Courses

NOTE: Information on Dr. Guikema's University of Michigan classes will be added once it is available. The information below is about courses taught previously at Johns Hopkins University.

Dr. Guikema taught five courses at Johns Hopkins University:

Fall semesters, yearly. This course introduces the methods of probabilistic risk and decision analysis. Topics will include risks in daily life, public attitudes towards risk, fault trees, event trees, decision trees, utility functions, risk attitude, and value of information calculations.

Prereq: Introductory Statistics
Spring semesters in the past, but it has now moved the fall semester. This course assumes that students have a solid grounding in basic statistics, including linear regression, ANOVA, and similar methods. It covers a range of semi-parametric, non-linear, and data mining techniques. The focus on establishing a rigorous, theory-grounded approach for data analysis, especially for developing strong predictive models. Students complete an in-depth project in which they analyze a data set, preferably from their own research. A number of these papers have been published as peer-reviewed journal articles. The course uses the R statistical language.

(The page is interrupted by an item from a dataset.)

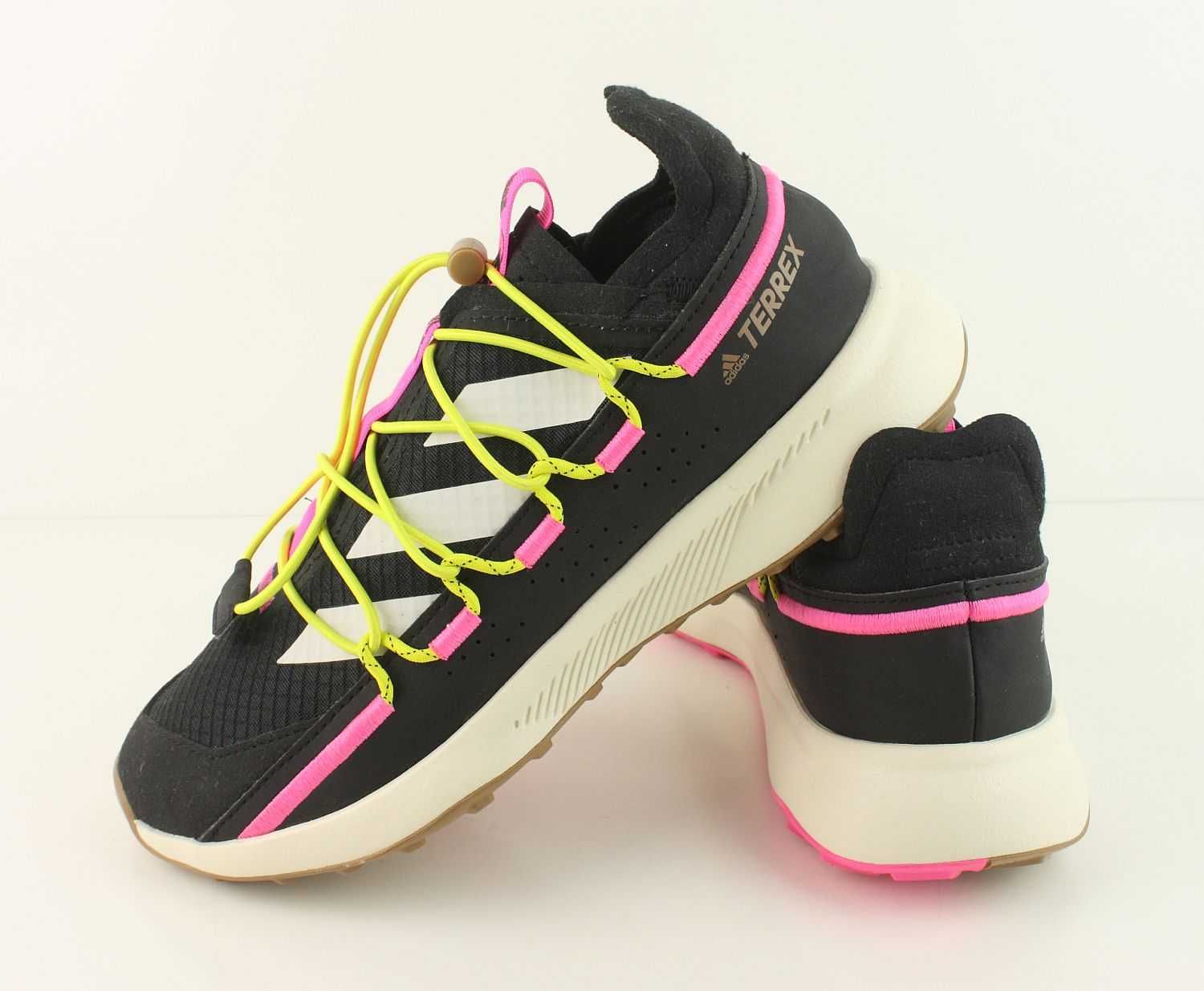 ADIDAS TERREX - oryginalne buty sportowe ROZM. 40,5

Prereqs: EN.550.420 AND EN.550.430 or equivalent.
Taught Spring 2010, 2011, 2013. Likely not taught again until spring 2015. This course is a mix of seminar-style guided discussions and student presentations and lectures on specific topics. It gives an overview of the infrastructure systems that form the basis for health, security, and economic prosperity in the developed world and give an overview of some of the most pressing infrastructure challenges in the developing world. The focus is on quantitative modeling of infrastructure performance, sustainability, and resilience for supporting infrastructure management and policy decision-making.
First taught Spring 2011. This course provides an introduction to stochastic simulation and game theory. It covers a mix of the theoretical background and the practical use of these two methods. The stochastic simulation portion of the covers both discrete even and time step methods. It also covers random number generators, analysis of output, comparison of systems, variance reduction techniques, and linkages between simulation and optimization. The game theory portion of the course provides an introduction to the basic types of games: static games of complete information, dynamic games of complete information, static games of incomplete information, and dynamic games of incomplete information. Several case studies are covered. NOTE: This course will not likely be offered again.
This course was first taught in Spring 2013. This course is intended for Ph.D. students and potentially others doing research in risk analysis, decision analysis, and related areas. We will read and discuss the foundational literature of these fields. This includes foundational literature in Bayesian probability theory, utility theory, and decision analysis.